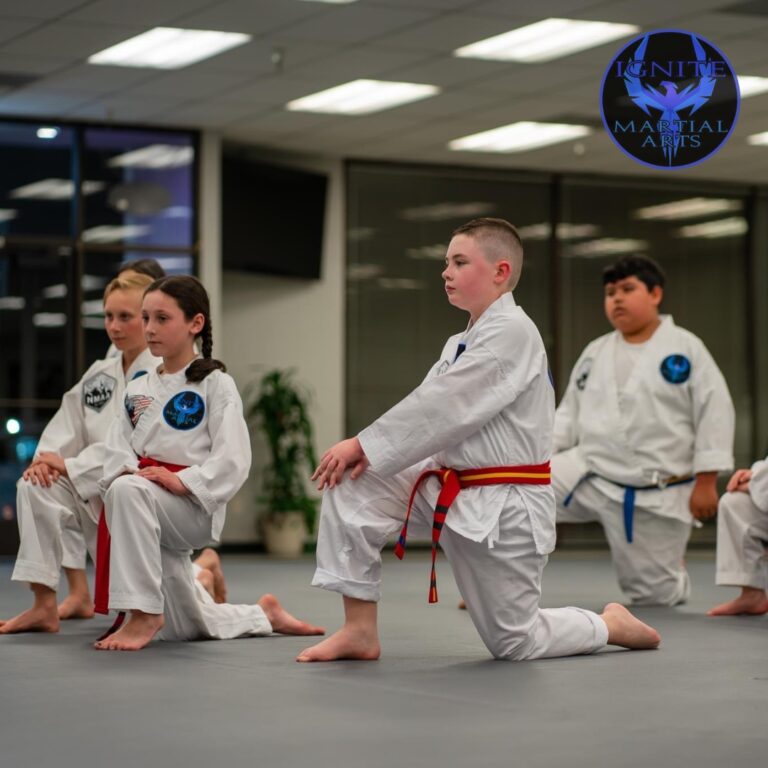 Martial arts mentors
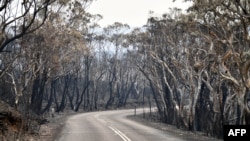 Burnt trees are seen after a bushfire in Mount Weison in Blue Mountains, some 120 kilometers northwest of Sydney.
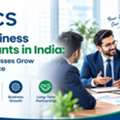 Best Business Consultants In India: Helping Businesses Grow With Confidence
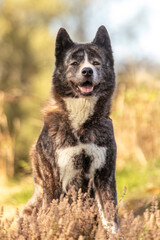 Portrait of an elderly female Akita dog in a garden in late summer outdoors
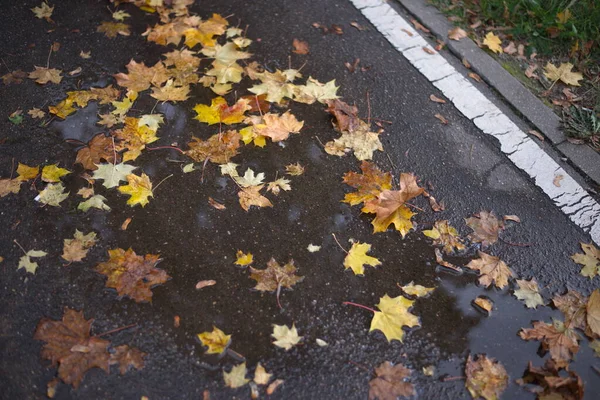 Yellow Leaves Puddle — Stock Photo, Image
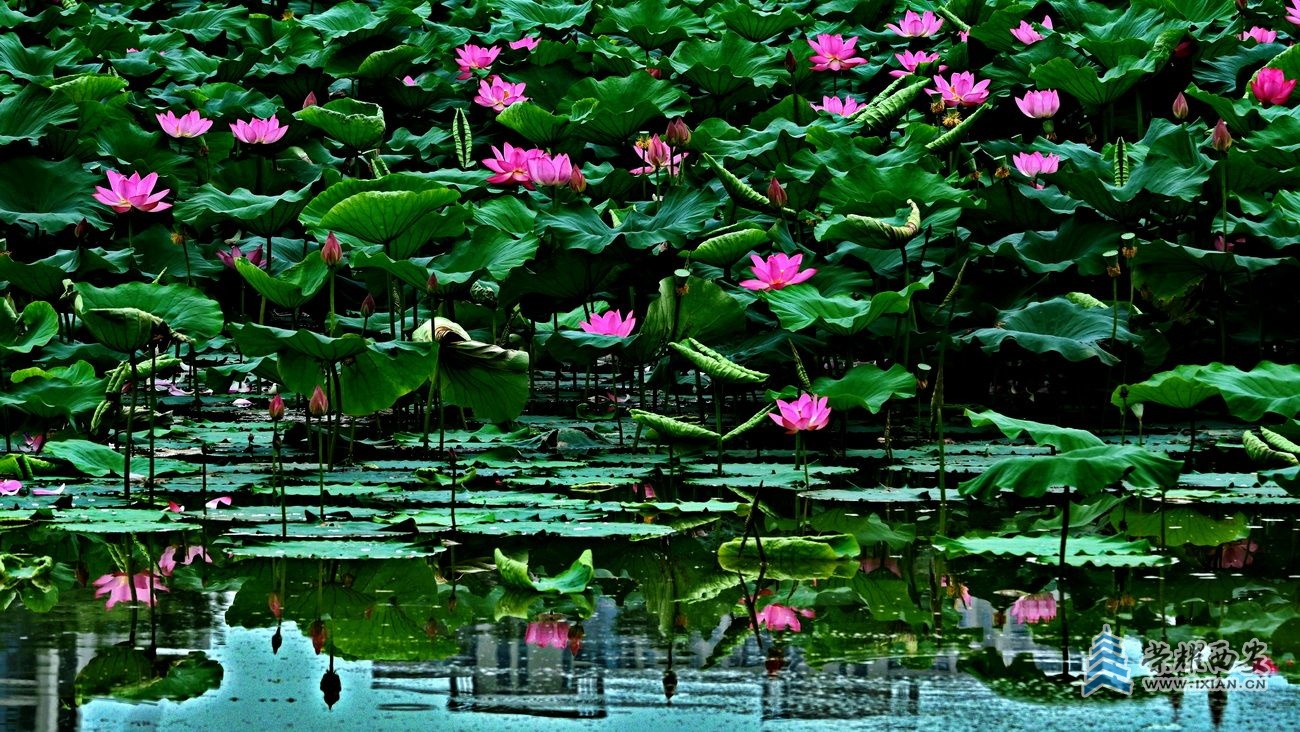 桃花潭030.JPG
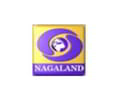 DD Nagaland  Channel available on Sun Direct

## WHAT TO WORK ON
Nothing but the lines from the one containing "Burnt trees are" through the last line of the listing should be copied, each word for word and without pictures.

## THE ANSWER
 Burnt trees are seen after a bushfire in Mount Weison in Blue Mountains, some 120 kilometers northwest of Sydney.
 Best Business Consultants In India: Helping Businesses Grow With Confidence
 Portrait of an elderly female Akita dog in a garden in late summer outdoors
 Yellow Leaves Puddle — Stock Photo, Image
 桃花潭030.JPG
 DD Nagaland  Channel available on Sun Direct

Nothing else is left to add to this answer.